Description of the task:
Search the material below for "Large" and copy every line where it occurs.

Record set:
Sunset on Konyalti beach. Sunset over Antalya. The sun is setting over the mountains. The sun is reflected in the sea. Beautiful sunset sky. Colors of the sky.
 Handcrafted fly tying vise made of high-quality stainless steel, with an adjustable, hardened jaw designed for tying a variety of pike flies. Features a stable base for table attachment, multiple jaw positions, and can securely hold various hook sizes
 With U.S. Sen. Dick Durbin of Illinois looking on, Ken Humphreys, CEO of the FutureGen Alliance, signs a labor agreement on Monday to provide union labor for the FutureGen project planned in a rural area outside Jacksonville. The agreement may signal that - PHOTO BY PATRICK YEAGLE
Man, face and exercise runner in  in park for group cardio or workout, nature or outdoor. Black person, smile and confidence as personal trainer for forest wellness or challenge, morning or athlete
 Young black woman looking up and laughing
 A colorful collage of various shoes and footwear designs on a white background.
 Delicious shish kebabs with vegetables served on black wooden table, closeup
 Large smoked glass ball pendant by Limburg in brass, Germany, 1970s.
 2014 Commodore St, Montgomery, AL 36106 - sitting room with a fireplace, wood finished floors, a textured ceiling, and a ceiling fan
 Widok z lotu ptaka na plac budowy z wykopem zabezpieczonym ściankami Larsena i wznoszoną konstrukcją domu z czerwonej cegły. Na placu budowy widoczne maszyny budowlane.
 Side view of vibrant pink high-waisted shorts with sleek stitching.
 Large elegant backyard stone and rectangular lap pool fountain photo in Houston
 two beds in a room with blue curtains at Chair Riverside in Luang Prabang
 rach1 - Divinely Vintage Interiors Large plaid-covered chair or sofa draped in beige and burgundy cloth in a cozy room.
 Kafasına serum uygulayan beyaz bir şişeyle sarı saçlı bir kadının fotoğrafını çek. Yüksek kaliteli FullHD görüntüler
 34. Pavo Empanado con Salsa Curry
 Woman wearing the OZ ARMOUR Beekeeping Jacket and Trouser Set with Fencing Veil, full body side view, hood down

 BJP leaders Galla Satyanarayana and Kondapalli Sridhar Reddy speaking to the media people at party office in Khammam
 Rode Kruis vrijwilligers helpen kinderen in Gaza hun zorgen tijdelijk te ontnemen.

Written response:
 Large smoked glass ball pendant by Limburg in brass, Germany, 1970s.
 Large elegant backyard stone and rectangular lap pool fountain photo in Houston
 rach1 - Divinely Vintage Interiors Large plaid-covered chair or sofa draped in beige and burgundy cloth in a cozy room.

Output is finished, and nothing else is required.